Records from a dataset:
::::
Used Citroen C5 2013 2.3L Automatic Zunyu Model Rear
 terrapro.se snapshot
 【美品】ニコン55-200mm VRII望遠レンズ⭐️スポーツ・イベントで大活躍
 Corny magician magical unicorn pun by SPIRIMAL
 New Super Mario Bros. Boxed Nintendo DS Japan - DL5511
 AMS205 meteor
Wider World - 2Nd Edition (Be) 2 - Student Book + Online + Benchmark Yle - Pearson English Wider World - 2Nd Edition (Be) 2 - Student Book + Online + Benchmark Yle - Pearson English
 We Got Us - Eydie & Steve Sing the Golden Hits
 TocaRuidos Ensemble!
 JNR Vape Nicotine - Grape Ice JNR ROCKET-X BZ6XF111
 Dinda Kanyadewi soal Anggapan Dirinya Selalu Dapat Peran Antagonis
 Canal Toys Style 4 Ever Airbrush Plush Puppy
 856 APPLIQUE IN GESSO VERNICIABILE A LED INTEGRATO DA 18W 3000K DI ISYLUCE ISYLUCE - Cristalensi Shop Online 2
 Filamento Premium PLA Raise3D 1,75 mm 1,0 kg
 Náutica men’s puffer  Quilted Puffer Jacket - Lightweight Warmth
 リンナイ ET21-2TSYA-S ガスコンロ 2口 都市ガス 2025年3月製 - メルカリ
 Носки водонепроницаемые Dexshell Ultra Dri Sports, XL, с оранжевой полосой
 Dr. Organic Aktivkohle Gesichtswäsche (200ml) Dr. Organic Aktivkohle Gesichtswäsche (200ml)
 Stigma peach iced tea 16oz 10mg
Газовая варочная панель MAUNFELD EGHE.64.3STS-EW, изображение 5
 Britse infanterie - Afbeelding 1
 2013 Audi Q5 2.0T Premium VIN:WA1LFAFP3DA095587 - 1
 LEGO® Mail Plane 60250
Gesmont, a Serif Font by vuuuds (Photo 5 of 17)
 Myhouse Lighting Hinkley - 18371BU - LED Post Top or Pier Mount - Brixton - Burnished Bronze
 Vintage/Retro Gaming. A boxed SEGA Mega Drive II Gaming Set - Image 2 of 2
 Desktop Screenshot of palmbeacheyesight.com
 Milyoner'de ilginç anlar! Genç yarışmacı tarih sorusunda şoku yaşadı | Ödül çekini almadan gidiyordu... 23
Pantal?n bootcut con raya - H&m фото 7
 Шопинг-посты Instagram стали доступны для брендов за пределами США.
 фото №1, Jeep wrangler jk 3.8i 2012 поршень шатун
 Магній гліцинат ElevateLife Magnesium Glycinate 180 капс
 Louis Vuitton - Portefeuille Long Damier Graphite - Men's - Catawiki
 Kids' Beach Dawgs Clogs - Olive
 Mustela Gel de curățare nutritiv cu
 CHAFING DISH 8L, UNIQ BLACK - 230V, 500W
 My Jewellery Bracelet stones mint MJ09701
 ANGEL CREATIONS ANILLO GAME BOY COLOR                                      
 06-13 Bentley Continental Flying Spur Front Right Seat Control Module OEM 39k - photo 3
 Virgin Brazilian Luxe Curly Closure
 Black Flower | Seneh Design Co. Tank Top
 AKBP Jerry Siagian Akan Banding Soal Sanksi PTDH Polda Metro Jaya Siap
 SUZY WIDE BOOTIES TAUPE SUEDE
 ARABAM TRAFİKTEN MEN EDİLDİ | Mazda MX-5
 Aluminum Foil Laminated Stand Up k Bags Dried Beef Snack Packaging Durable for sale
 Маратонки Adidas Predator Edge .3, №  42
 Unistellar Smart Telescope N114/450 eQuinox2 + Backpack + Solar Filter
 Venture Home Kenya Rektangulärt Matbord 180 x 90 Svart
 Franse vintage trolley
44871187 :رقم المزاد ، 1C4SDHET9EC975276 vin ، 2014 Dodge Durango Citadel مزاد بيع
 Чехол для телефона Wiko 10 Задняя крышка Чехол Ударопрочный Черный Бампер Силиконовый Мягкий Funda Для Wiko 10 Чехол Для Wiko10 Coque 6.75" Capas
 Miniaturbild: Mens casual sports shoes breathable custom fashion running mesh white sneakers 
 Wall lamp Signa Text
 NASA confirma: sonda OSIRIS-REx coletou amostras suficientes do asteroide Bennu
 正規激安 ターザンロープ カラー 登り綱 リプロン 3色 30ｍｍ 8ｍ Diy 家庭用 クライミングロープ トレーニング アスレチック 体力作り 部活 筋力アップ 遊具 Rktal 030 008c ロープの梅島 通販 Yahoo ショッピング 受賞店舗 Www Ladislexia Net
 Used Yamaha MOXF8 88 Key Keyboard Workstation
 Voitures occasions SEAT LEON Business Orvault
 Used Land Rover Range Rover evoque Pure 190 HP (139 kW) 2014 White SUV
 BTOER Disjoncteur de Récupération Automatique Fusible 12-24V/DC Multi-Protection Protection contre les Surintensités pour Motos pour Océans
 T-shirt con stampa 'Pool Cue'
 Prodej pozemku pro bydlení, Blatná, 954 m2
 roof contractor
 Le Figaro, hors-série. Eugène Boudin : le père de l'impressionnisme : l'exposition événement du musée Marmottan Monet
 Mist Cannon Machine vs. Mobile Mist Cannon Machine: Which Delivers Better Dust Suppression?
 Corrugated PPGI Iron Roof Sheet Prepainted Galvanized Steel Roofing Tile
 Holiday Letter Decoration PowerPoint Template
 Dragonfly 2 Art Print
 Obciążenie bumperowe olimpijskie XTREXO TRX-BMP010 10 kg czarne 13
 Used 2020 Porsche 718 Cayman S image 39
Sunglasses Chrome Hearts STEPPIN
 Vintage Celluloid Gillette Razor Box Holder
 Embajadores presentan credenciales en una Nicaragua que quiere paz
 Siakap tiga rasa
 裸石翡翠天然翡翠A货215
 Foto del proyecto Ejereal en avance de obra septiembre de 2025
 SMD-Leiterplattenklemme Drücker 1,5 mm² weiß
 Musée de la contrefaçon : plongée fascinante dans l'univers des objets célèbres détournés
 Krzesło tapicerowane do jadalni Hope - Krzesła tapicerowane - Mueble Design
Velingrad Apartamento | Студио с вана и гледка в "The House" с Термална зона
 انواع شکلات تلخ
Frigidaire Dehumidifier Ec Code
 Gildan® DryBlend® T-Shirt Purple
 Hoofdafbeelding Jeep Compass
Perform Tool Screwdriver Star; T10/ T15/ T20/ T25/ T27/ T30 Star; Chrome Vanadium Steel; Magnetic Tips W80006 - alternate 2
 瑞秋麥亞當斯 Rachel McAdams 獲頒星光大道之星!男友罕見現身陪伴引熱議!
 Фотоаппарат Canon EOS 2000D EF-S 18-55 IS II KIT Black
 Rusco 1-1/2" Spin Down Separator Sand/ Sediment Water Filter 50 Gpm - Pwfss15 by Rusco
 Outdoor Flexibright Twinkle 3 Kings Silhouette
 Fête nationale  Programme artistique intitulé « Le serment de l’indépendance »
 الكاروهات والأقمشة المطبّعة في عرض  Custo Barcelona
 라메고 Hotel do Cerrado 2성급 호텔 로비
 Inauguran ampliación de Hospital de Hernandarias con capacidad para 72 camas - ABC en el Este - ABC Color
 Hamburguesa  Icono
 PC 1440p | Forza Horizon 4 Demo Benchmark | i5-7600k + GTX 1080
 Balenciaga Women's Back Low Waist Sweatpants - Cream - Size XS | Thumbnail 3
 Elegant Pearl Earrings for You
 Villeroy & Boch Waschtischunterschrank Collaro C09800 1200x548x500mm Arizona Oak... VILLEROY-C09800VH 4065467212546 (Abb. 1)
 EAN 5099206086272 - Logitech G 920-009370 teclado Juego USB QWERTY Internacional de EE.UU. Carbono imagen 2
::::
Problem details: Return the number of lines in the data above that include the word "Chrome", and nothing else.

Solution for this problem: 2